This diamond in the rough finally has an HD release, so we feel like sharing tons of secrets. Like that Prince Ali was Aladdin all along!
The medium of Blu-ray might still offer some of the best picture quality and extras, but mega-corporations like Disney have gotten a bit slow with releasing classic films on physical media. However, like a magic wish granted by a manic blue djinn, the Aladdin: Diamond Edition has been freed from the Disney Vault to be enjoyed by fans new and old before returning to the Cave of Wonders. What’s so special about this riffraff, streetrat? It basically changed animated films as we know them.
Aladdin is a landmark film for many reasons, not the least of which are breaking box office records and continuing the new era of timeless Disney animated features begun with The Little Mermaid. The late Robin Williams stole the show as the iconic Genie, and nearly every American cartoon since Aladdin has leaned heavily on casting famous comedians to make parents and kids laugh in equal measure. But even if you’ve memorized every one-liner Genie ever said, there’s still much you don’t know about Aladdin. Cut songs, secret cameos, Robin Williams’ anger – we’ve got on it all right here. Keep these all under consideration when watching the Aladdin Blu-ray as it’ll likely make it even more fun.
The Genie was modeled after Robin Williams
Think about it: How many Disney characters actually look like their human counterparts? Aladdin was a troubled project for Disney and it’s inception at the studio dates back as far as 1988. Not only had the script undergone several massive rewrites, altering or outright omitting many characters, the studio reportedly had Martin Short or Steve Martin tapped to play the role of Genie. Once the idea of Williams came in, they charmed the pants off him with an animation test reel featuring Genie performing material from Williams’ “Reality: What a Concept!” album.
The Genie would retain Williams facial features and the script would be rewritten so as to better take advantage of Robin’s comedic talent. Not only did Robin Williams’ involvement shape the character and the final product, it changed the tone of all of Disney’s animated productions forever. Aladdin followed The Little Mermaid and Beauty and the Beast which were both beautiful films, but somewhat templated additions to Disney’s long legacy of straight-forward fairy tale adaptations. After Aladdin, comedy came in equal measure with heart and song. Robin Williams infused Aladdin with so much humor, it spilled over into every Disney movie that came afterward.
Robin Williams got mad at Disney
Good Morning, Vietnam had pulled Robin Williams’ career out of a slump during the mid-eighties, so he felt as if he owed it to Disney to meet with them about taking the role of Genie. Having just finished work on Hook and Toys, Williams was supposedly tired, yet still willing to return a favor and excited by the idea of his kids seeing him in a Disney movie. Robin Williams waived his $8 million upfront fee and was paid SAG minimum to voice Genie, reportedly somewhere between $485 a day and $75,000 total, for about 30 hours of voice over performance work. His agent demanded a back end share of the profits but Robin wasn’t interested in that either and waived that too.

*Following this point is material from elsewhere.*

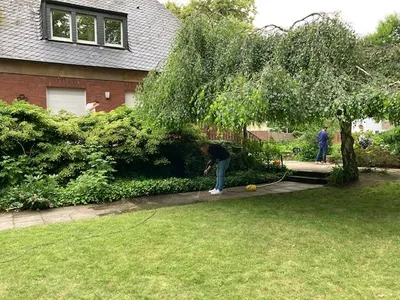 Img 0721.jpg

Because how much could an animated movie make?!
Aladdin went on to earn half a billion dollars at the box office. And that’s not counting video sales, merchandise, video games, a spin-off TV show, and everywhere else you’ve seen the Genie since.

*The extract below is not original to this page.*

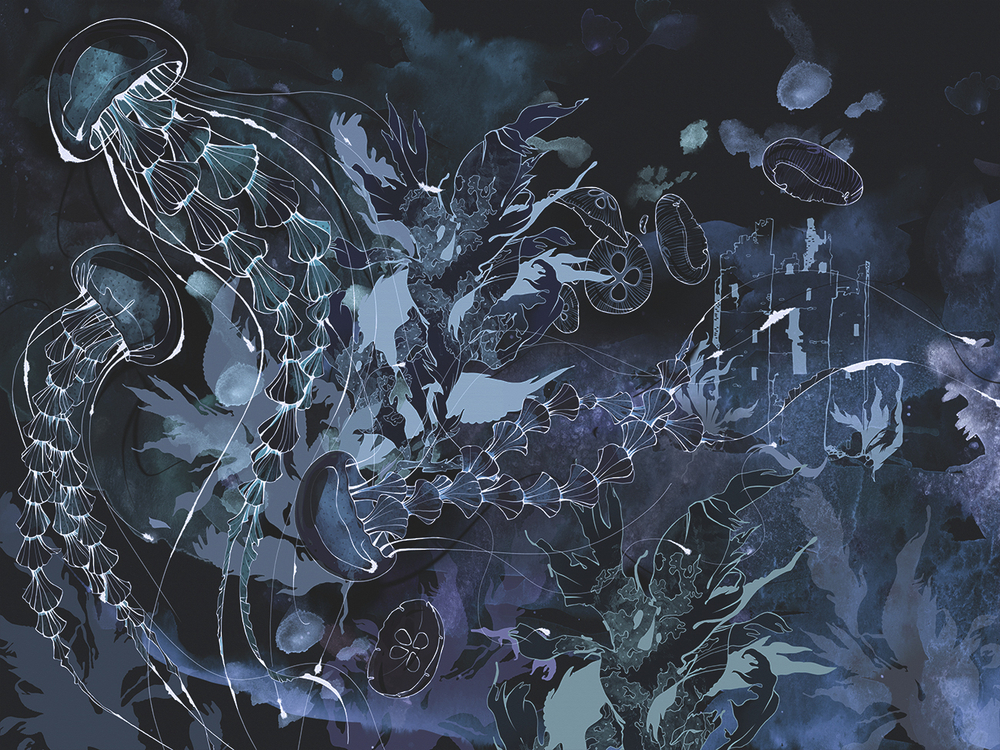 Коллекция JELLY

While it wasn’t about the money for Robin, he did have a few demands prior to release. He didn’t want Disney to use his voice too prominently in trailers or to push merchandise (consult your childhood and see how that agreement held up). Robin also asked that they not use his name to promote the film. Williams and his Good Morning, Vietnam collaborator Barry Levinson had a movie coming out (Toys, which he’d agreed to do first) within weeks of Aladdin and Williams didn’t think it was fair to have two of his movies in theaters cannibalizing his fanbase.
The Genie was a supporting character, after all. Or at least he was until the movie was basically resculpted to include more of Robin’s improv and test audiences immediately responded overwhelmingly to one giant blue character above all others. Disney continued to step on Williams’ seemingly small demands until it came to point that the company actually had to follow a hard rule. The Genie was in 25% of the movie, therefore he should only occupy 25% of the marketing. For example, the Genie couldn’t be in more than one quarter of a TV commercial or trailer. Disney initially made good on the arrangement, however, this was how they did it:
In order to stick within their 25% agreement, Disney shrunk every other character so they could still present Genie as their biggest star in the movie. The company would eventually break the 25% rule with enormous all-blue, all-Genie bus ads which further infuriated Robin, and Disney’s probably lucky Williams didn’t sue. So let’s look at it from Robin’s perspective: he earned chump change, got almost nothing that he did ask for, and the pet project he was trying to protect was an enormous bomb (Side Note: I love Toys, but that’s a weird fucking movie and it was destined to fail with or without Aladdin). You can find his distaste for Disney in a couple of written interviews, but he doesn’t go beyond thinly-veiled jokes and rarely gets into specifics. He didn’t have to. The situation was quickly becoming Hollywood legend. But if you’d like to see a great example of Williams being an all-around nice guy mixed with some good ol’ onscreen animosity, look no further than his acceptance speech from the 1993 Golden Globes. The ceremony basically manufactures a special award just for him and his role of Genie, and then he spends three whole minutes on stage avoiding any mention of Genie, Disney or Aladdin.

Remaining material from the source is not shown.